Прохлада отрезвляла и не давала повернуть назад. Длинный коридор, точно такой же, как и этажом ниже, кроме двери в конце. Вот он, чердак, который мы заперли на два замка и тщетно надеялись, что никто не будет настолько любопытен и нагл, чтобы попытаться пробраться внутрь. А если проберется, что тогда? Что с ним делать, как объяснить?
Кулак пару раз слабо ударил о первую дверь справа – спальня Нины и Тимофея. Не хотелось, чтобы открывали, не хотелось знать ответы, ведь тогда я бы стала соучастницей, а не свидетелем. Разрушение иллюзий собственной рукой – что может быть хуже? Лишь мгновение в одиночестве – отвратительное ожидание неминуемого.
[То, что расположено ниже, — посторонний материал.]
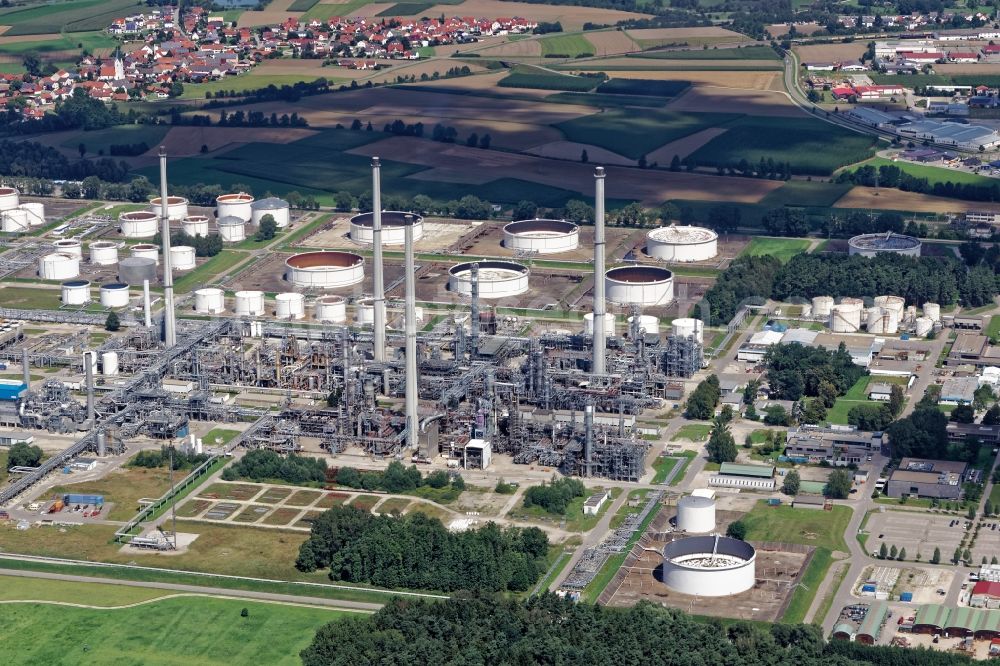 Neustadt an der Donau from above - Refinery equipment and management systems on the factory premises of the chemical manufacturer Bayernoil in Neustadt an der Donau in the state Bavaria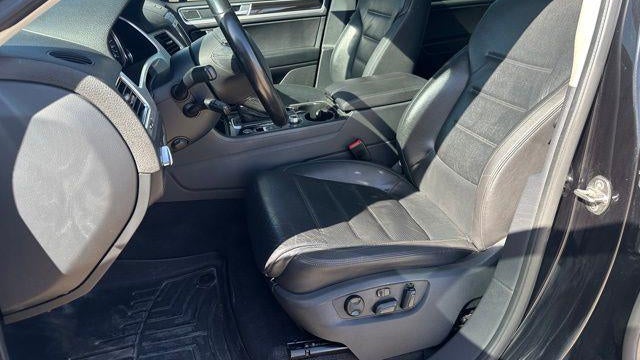 2016 Volkswagen Touareg TDI Sport
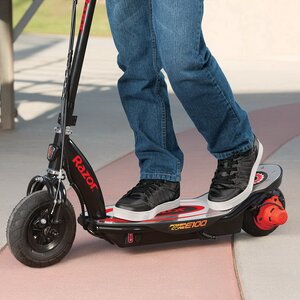 Электросамокат Power Core E100 Aluminium Deck, красный, до 55 кг Razor (Разор) фото 3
Заспанная и растрепанная, такой я видела ее редко, Нина открыла тяжелую деревянную дверь.
– Что-то случилось?
– Зачем ты себе руки резала? Зачем проводила обряд? – Она нахмурилась, но, казалось, не удивилась.
– У меня было видение, когда я дотронулась до визитки Филиппа.
– Давай поговорим на чердаке. Подожди.
Нина на минуту исчезла, а когда вернулась, в руках у нее была огромная связка старых ключей, будто от всех сказочных дверей сразу. Однако для того, чтобы отпереть замок, нужно было всего два из них, остальные она повесила на случай, если связка попадет в руки чужаку. Первый замок, и мы оказались в узком темном проходе с лестницей, идущей наверх. Кругом висела паутина и ползали огромные белые пауки. Убивать нельзя – плохая примета. Тем более, здесь хозяевами были именно они. Пара ступеней, второй замок.
Чердак напоминал танцевальную комнату, тут бы установить балетные станки, прибраться, и готово место для съемки фильма о несчастных танцорах. Низкий потолок и большое открытое пространство. Разве не так выглядели все студии, куда отдают детей в надежде обнаружить у них талант? Но у нас все пространство было занято на первый взгляд каким-то хламом. Вдоль стен тянулись шкафы, заполненные банками и склянками, разными травами, засушенными цветами, книгами, блокнотами и пожелтевшими листочками. Казалось, никто не притрагивался к этому годами. Да и зачем? Все какое-то странное, старое, пугающее, давно забытое. Но если приглядеться, можно заметить, что пыли на полках не было, а банки, хоть и мутные, закрыты новыми пластмассовыми крышками, которые продаются в единственном на многие километры деревенском магазине.